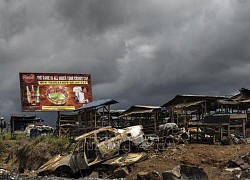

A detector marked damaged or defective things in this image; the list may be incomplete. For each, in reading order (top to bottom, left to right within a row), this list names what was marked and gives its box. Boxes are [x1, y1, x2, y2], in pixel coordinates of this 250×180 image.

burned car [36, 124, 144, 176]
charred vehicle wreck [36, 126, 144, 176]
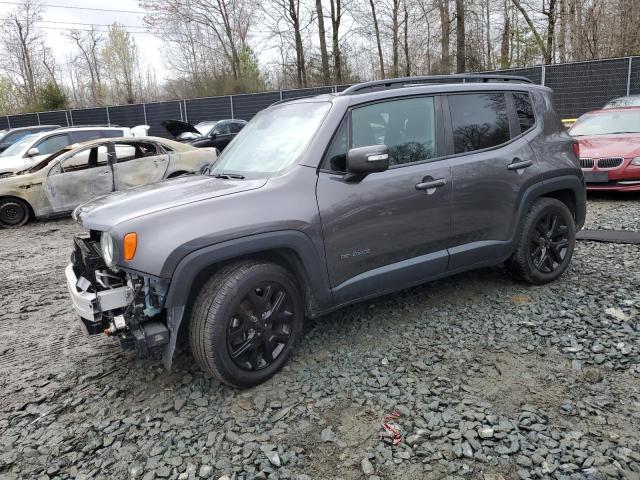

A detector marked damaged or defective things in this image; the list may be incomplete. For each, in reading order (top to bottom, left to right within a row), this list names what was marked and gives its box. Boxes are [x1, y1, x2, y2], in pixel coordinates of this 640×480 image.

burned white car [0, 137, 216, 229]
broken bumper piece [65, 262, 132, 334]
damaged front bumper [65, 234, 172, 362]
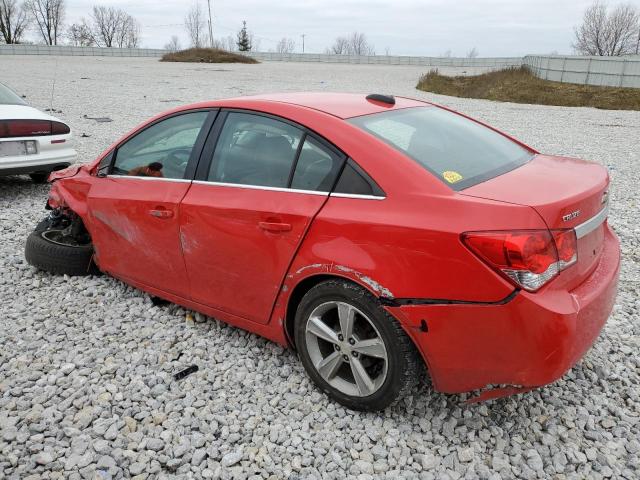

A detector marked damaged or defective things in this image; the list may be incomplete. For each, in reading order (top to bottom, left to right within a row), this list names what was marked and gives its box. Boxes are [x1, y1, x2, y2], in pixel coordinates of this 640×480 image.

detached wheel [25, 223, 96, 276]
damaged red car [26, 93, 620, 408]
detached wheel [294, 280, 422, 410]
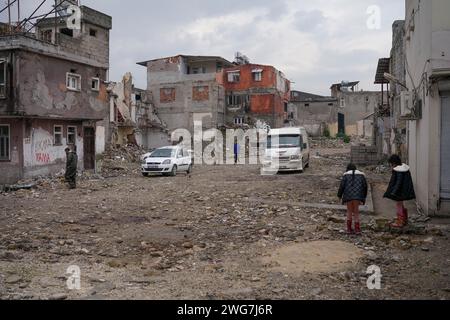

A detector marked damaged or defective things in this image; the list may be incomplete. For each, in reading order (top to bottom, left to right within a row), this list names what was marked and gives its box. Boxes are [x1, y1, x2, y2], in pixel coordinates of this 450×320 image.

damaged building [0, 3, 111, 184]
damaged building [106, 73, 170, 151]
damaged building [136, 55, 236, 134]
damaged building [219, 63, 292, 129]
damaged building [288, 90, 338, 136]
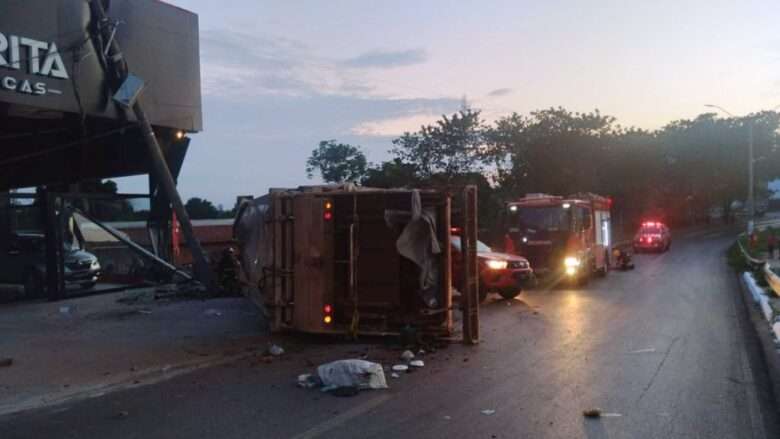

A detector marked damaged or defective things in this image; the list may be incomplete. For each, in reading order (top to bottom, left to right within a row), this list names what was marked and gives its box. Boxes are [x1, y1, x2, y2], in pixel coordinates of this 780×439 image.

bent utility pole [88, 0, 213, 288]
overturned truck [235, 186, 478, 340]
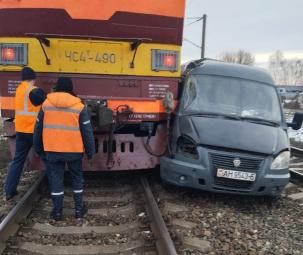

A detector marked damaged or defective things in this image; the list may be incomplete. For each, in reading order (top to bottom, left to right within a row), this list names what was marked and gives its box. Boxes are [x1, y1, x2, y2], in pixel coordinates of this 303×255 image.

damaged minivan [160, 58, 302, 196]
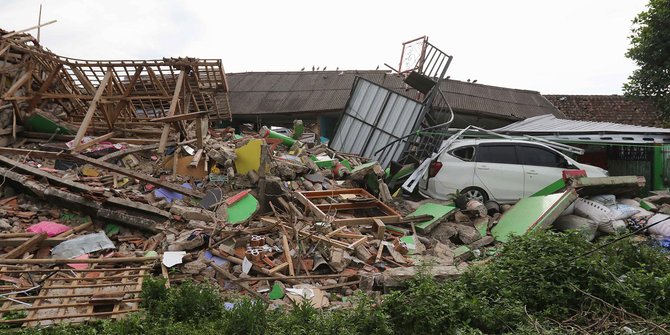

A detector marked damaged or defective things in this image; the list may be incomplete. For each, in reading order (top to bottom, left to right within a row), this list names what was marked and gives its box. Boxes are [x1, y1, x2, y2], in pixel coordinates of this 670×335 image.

• • • • •

Please set down the lines from the one with "this 303×255 image." to the end of the entries above, exactly as they are, and drop every picture.

A detector marked damaged or defective things in this image; the list may be incomplete. For each, in reading order (top to bottom, left to right within a row), this list names what was marked and gives its box. Boxes are [x1, y1, x2, y2], in pixel coordinates of this 303×255 image.

damaged minivan [160, 58, 302, 196]

A detector marked damaged or defective things in this image; the list may be incomplete. For each, in reading order (top to bottom, left to right within a row), this list names what was marked and gives its box. Boxes are [x1, y1, x2, y2], in pixel coordinates of this 670×335 image.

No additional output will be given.